I have become acutely aware, as I have reflected the past few days, of what some call the "spirit of Christmas." No, it has nothing to do with shopping (did that and survived), nothing to do with trees and decorations (still to be done...), and nothing to do with gift exchange. Well, maybe it does have to do with the last one!
Christ...God's gift...exchanged His place in Heaven to "move into the neighborhood" (Jn 1:14, The Message translation). Paul reflects (from The Message; Philippians 2:6-8), that Christ "didn’t think so much of himself that he had to cling to the advantages of that status no matter what. Not at all. When the time came, he set aside the privileges of deity and took on the status of a slave, became human! Having become human, he stayed human. It was an incredibly humbling process. He didn’t claim special privileges. Instead, he lived a selfless, obedient life and then died a selfless, obedient death—and the worst kind of death at that—a crucifixion."

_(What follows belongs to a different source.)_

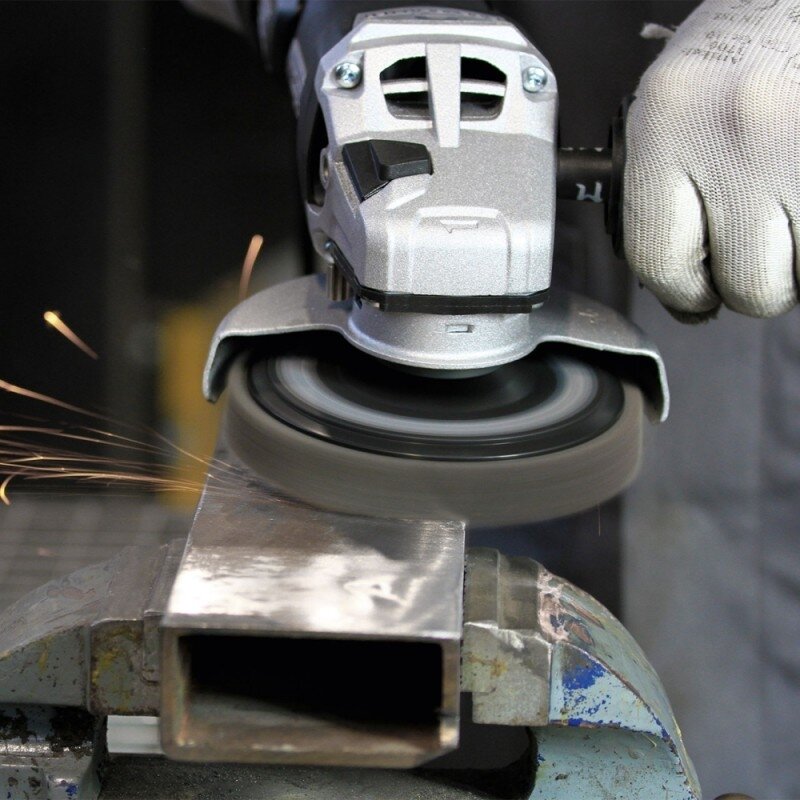 Paviršių valymo diskas GERD Magnum Clean-Mix 125mm M14 K80 2 Paviršių valymo diskas GERD Magnum Clean-Mix 125mm M14 K80 2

As I read these two passages together I'm challenged with these thoughts personally:
- How much do I think of myself?
- How much do I cling to the advantage of life as it presently is?
- Am I willing to sacrifice? To live without? Knowing that my sacrifice may be rejected!
- How many "special privileges" do Iput into place to shield me from sacrifice and suffering?
- To what extent am I willing to "become" so that others can be made aware of the hope and eternal life that I have found in Christ?
- Do I live a selfless, obedient life?
- How could I ever die a selfless, obedient death if I can't live such life?
- Am I willing to move into someone else's neighborhood? Across the ocean? Around the world? For a season? Forever?
I'm wrestling with this one - I hope some of you will wrestle with it as well.
If I knew I were going to die in 6 months, I'd live my life in a drastically different way from day-to-day - what's keeping me from it?
As I said, yesterday: People, people matter!